- Task statement: When you write out the records, keep every word exact and drop the pictures.
** Opening Data records block **
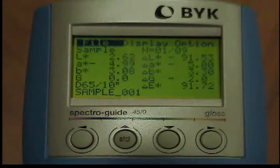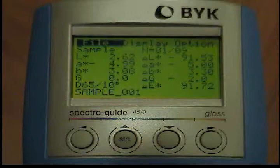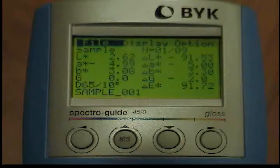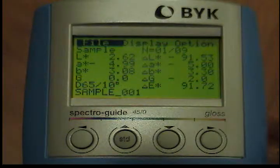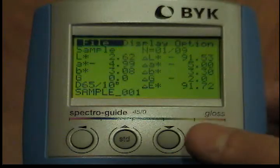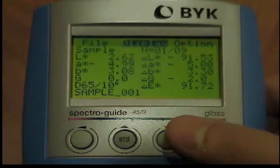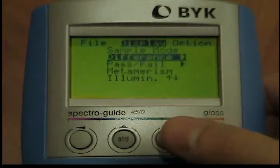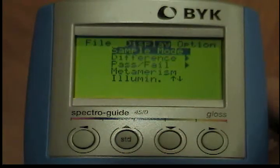Using the display setting on your BYK-Gardner Spectro Guide. The instrument is preset to the difference measuring mode. To get to the sample mode from the display menu, use the down button to move the cursor to the sample mode option. When you press the operate button, the display will change to sample mode.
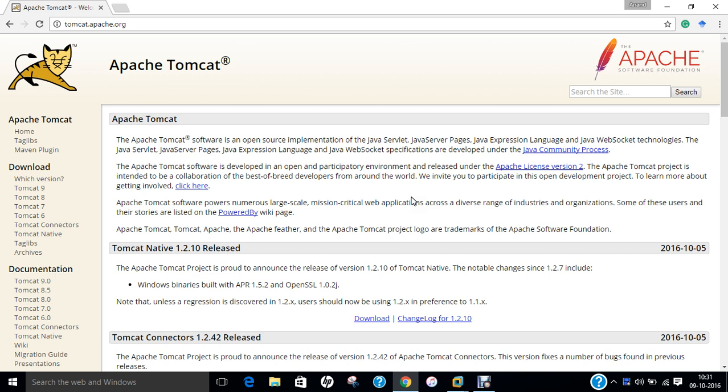The initial release of Apache Tomcat was done in 1999, about 17 years ago. The current stable release is version 8.5.5 which was released on September 5, 2016, about 33 days ago. Preview release is 9.0.0.M10 alpha which was released on September 5, 2016, again 33 days ago. It is under current development status and is purely written in Java and is cross-platform operating system dependent.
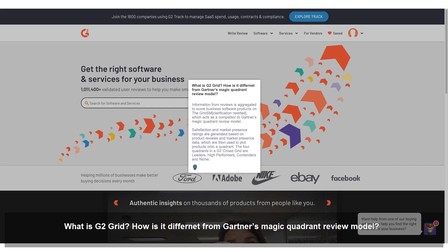What is G2 Grid? How is it different from Gartner's Magic Quadrant Review Model? Information from reviews is aggregated to score business software products on the Grid, which acts as a competitor to Gartner's Magic Quadrant Review Model. Satisfaction and market presence ratings are generated based on product reviews and market presence data, which are then used to plot products onto a quadrant. The four quadrants in a G2 Crowd Grid are: Leaders, High Performers, Contenders, and Niche.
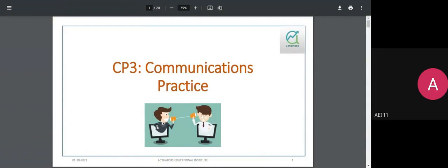Hi everyone, can you hear me clearly and can you see my screen? I've shared a PDF. All right, perfect — let's start off with CP3.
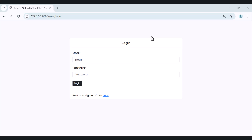Hello and welcome to this project. Before we start coding, let's take a look at what we are going to build. We will create a contact app using Laravel 12, Inertia.js, and Vue.js.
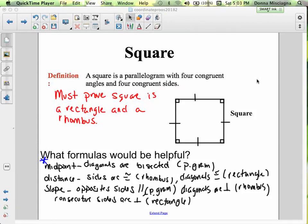A square is a parallelogram with four congruent angles and four congruent sides. So you must prove a square is a rectangle and a rhombus. You need to make sure you show both, otherwise you have not proved the figure is a square.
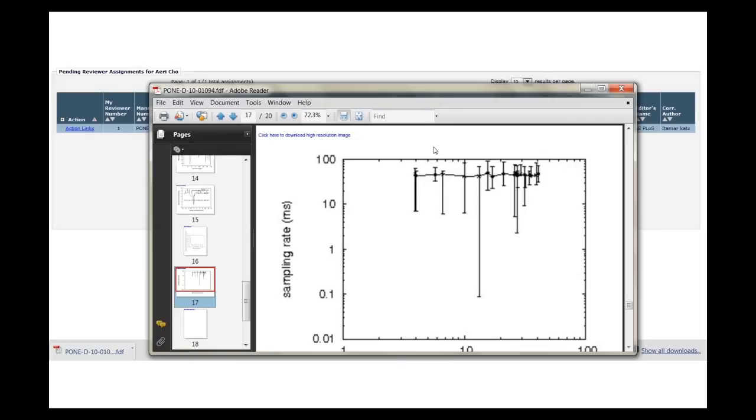Sometimes figures that have been merged into the manuscript may appear blurry. If this is the case, you can download high-resolution versions of the images by clicking the blue link in the upper left-hand corner of the figure page that you're on.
** Closing Data records block **
- Reply:
Using the display setting on your BYK-Gardner Spectro Guide. The instrument is preset to the difference measuring mode. To get to the sample mode from the display menu, use the down button to move the cursor to the sample mode option. When you press the operate button, the display will change to sample mode.
The initial release of Apache Tomcat was done in 1999, about 17 years ago. The current stable release is version 8.5.5 which was released on September 5, 2016, about 33 days ago. Preview release is 9.0.0.M10 alpha which was released on September 5, 2016, again 33 days ago. It is under current development status and is purely written in Java and is cross-platform operating system dependent.
What is G2 Grid? How is it different from Gartner's Magic Quadrant Review Model? Information from reviews is aggregated to score business software products on the Grid, which acts as a competitor to Gartner's Magic Quadrant Review Model. Satisfaction and market presence ratings are generated based on product reviews and market presence data, which are then used to plot products onto a quadrant. The four quadrants in a G2 Crowd Grid are: Leaders, High Performers, Contenders, and Niche.
Hi everyone, can you hear me clearly and can you see my screen? I've shared a PDF. All right, perfect — let's start off with CP3.
Hello and welcome to this project. Before we start coding, let's take a look at what we are going to build. We will create a contact app using Laravel 12, Inertia.js, and Vue.js.
A square is a parallelogram with four congruent angles and four congruent sides. So you must prove a square is a rectangle and a rhombus. You need to make sure you show both, otherwise you have not proved the figure is a square.
Sometimes figures that have been merged into the manuscript may appear blurry. If this is the case, you can download high-resolution versions of the images by clicking the blue link in the upper left-hand corner of the figure page that you're on.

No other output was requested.